Nvidia Faces 17% Pullback as New Startup GPU Pricing Coincides with AMD Win
NVDA•Nvidia’s share price slid 12.6% in June, marking a 17% decline from its May all-time high of $235.74 after multiple 15%+ pullbacks. Meanwhile, Nvidia unveiled a new AI startup GPU pricing model just as self-driving startup Turing secured AMD backing and adopted AMD GPUs, intensifying chip competition.
1. Stock Pullback and Historical Patterns
Nvidia’s shares fell 12.6% in June and sit 17% below the May all-time high of $235.74, driven by one of several 15%+ corrections in five years. Historically, these pullbacks have preceded rapid rebounds, suggesting investors view them as entry points rather than downturns.
2. New AI Startup GPU Pricing Program
Nvidia introduced a new pricing model targeting early-stage AI companies, requiring prepaid commitments for GPU-hour tiers and offering volume discounts on A100 and H100 accelerators. This initiative aims to convert exploratory deployments into recurring service revenue and deepen Nvidia’s presence in the startup ecosystem.
3. Turing’s AMD Deal and Competitive Implications
Autonomous-driving startup Turing announced a financing round backed by AMD and plans to deploy AMD MI300 GPUs for its vehicle AI workloads.

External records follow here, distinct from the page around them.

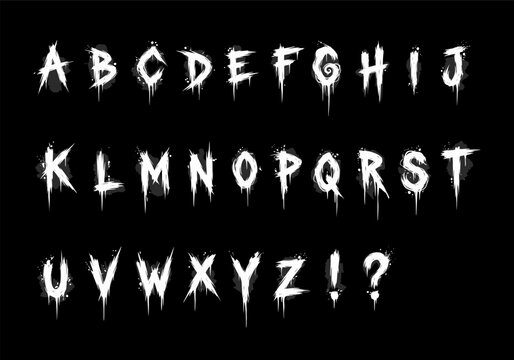 Spooky white English alphabet with dripping paint effect on black background. Perfect for Halloween, horror posters, grunge designs, and creepy typography projects. Vector illustration.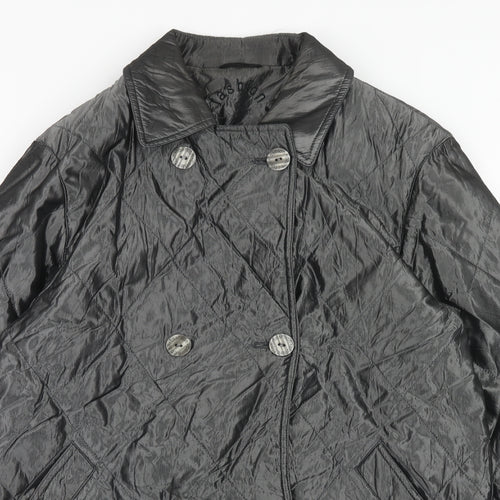 C&A Womens Silver Pea Coat Coat Size 10 Button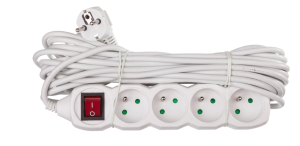 Przedłużacz z wyłącznikiem 4-gniazda z/u 10m /H05VV-F 3G1/ biały P1410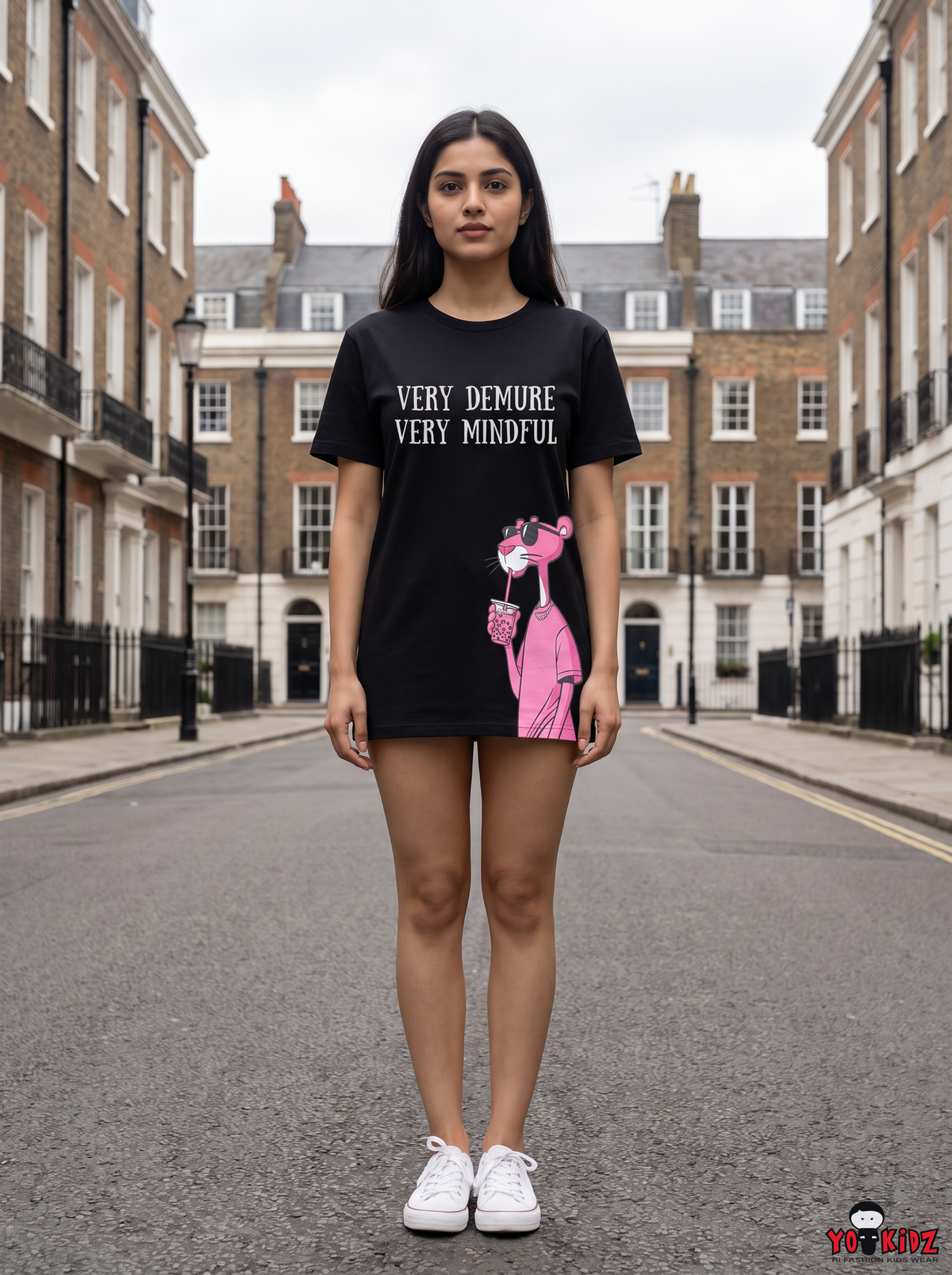 Women Very Demure Very Mindful Pink Panther Graphic Longline Cotton T-Shirt Dress — Black | Yokidz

This move underscores growing competition in the automotive AI chip segment and highlights AMD’s expanding reach into markets long dominated by Nvidia.
4. Strategic Outlook for Chip Leadership
Balancing its new service-oriented pricing strategy with intensifying competition from AMD, Nvidia faces key tests of its ability to retain market share in both data-center and automotive applications. Investor focus will center on adoption rates for the startup program and any shifts in OEM partnerships toward rival GPU providers.